Wayne Curtis also wrote to us, proposing an article based on his particular passion, the riches to be mined in Newell, West Virginia. There, at a bend of the Ohio River, lies the Homer Laughlin factory, an American institution long devoted to the manufacture of pottery. What intrigued Curtis enough to travel to Newell regularly from his home on an island off the Maine coast was the chance to snatch up a rainbow of Fiesta ware at bargain prices in Homer Laughlin’s seconds room. Speaking of a well-known East Coast chain store, he wrote to us, “Each time I stop by there, I fight the urge to hold up a piece and announce to the shoppers that this very $9 plate can be had for $1 in West Virginia!”

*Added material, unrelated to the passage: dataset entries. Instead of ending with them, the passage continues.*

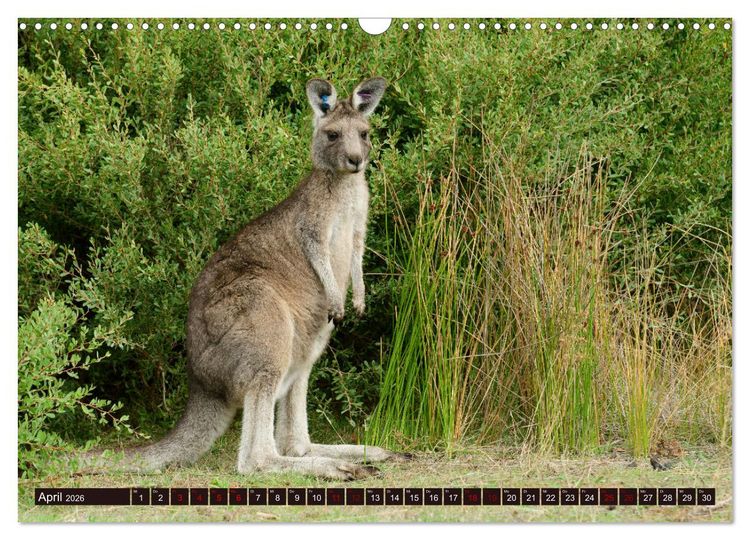 Produktbild: Traumpfade Australien (Wandkalender 2026 DIN A3 quer), CALVENDO Monatskalender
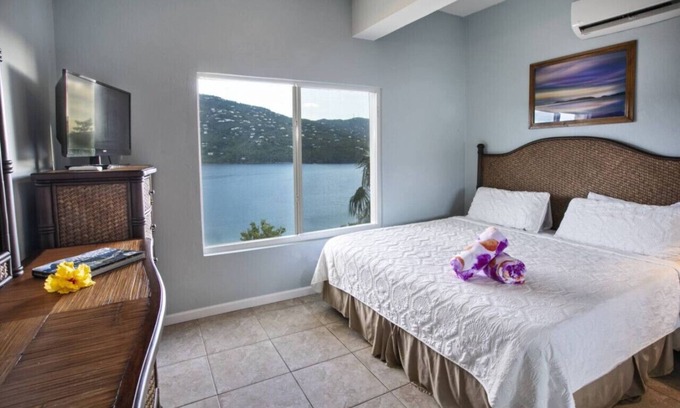 Estate Peterborg Cottage | 1BR suite with amazing views and only 5 min from Magen's Bay!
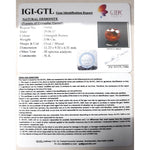 Load image into Gallery viewer, Ceylonese Gomed-(1100)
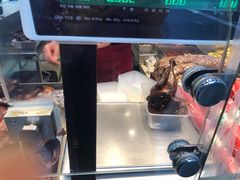 -狗撵鸭(泰山公寓店)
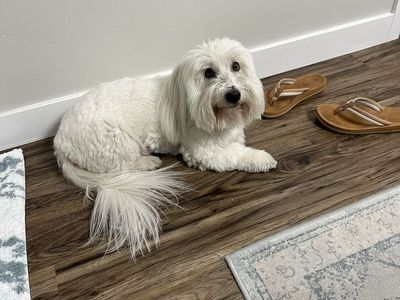 Coton de Tulear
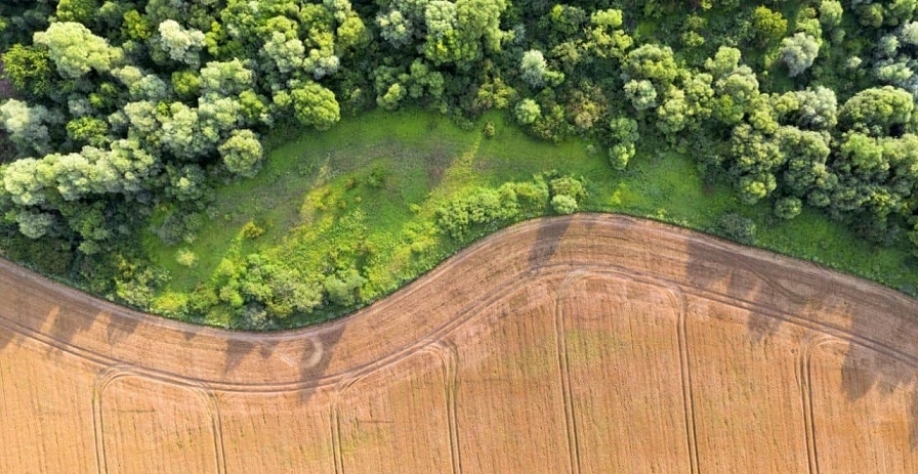 UE:Proposta para lei antidesmate frustra quem se preparou no agro do Brasil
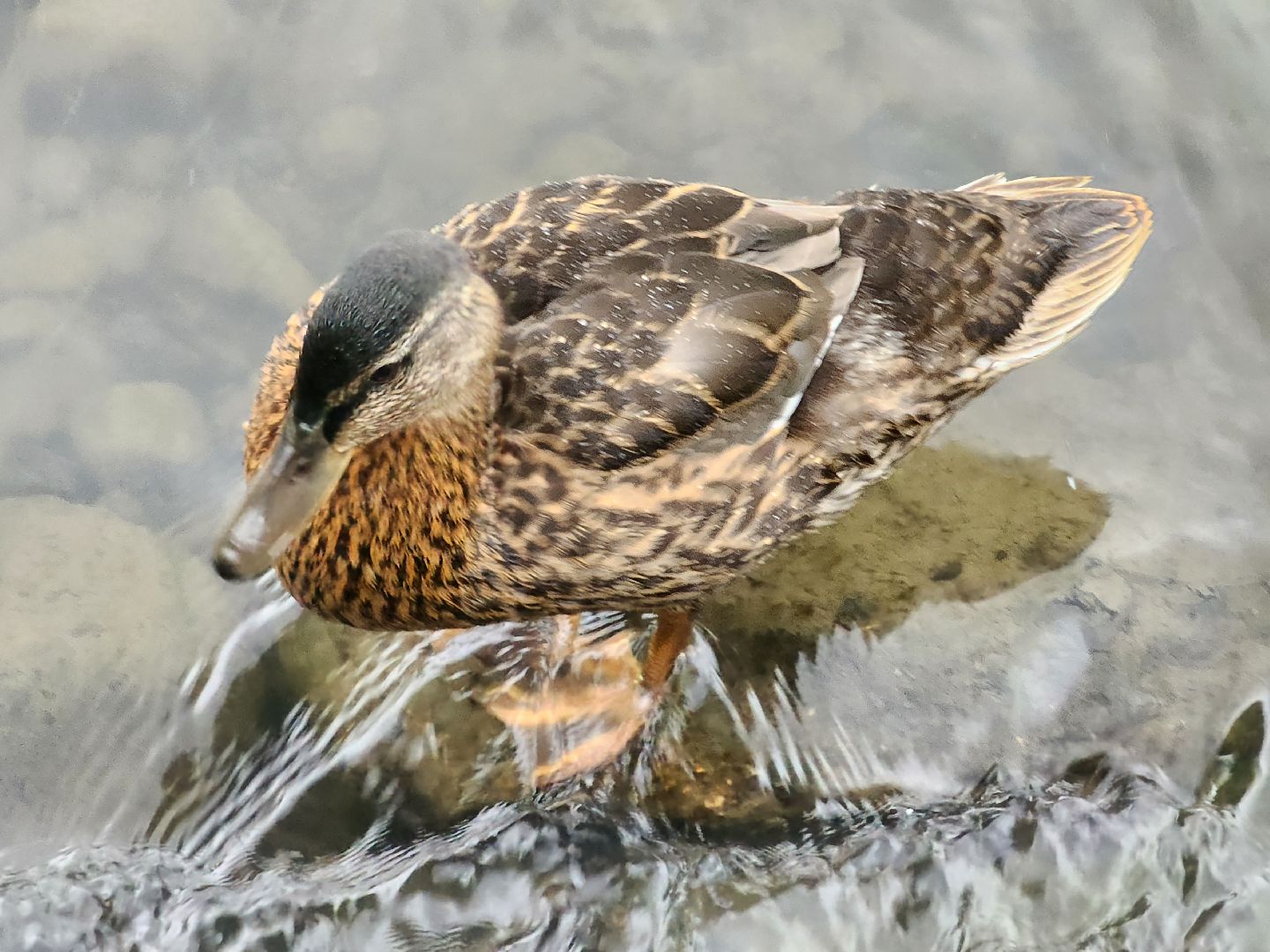 сергиево-посадский городской округ, семхоз, река копнинка, утки, утята, сергиев посад,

Shopping—that is, for antiques—is also driving the latest incarnation of Hudson, New York, as Gene Smith explains in his article “America on the Hudson.” But I don’t believe spending is what fueled Smith’s passion for the place. Unlike the Camino Real or Newell, West Virginia, Hudson lies a little over 40 miles downriver from Smith’s home. Yet, through its earliest days of Quaker prosperity, even luxury, its wild years of saloons and houses of ill fame, and its eventual and present taming, the place calls out to Smith, as alluring in its own way as the Camino Real is to Snyder. Even 25 years ago, during Hudson’s recent period of decline, Smith says, “You could walk along the main street and raise your eyes from the pizza parlor and the world of yesterday was there, untouched.”
As for Rachel Snyder, these days, she’s filing stories from her new home in Cambodia.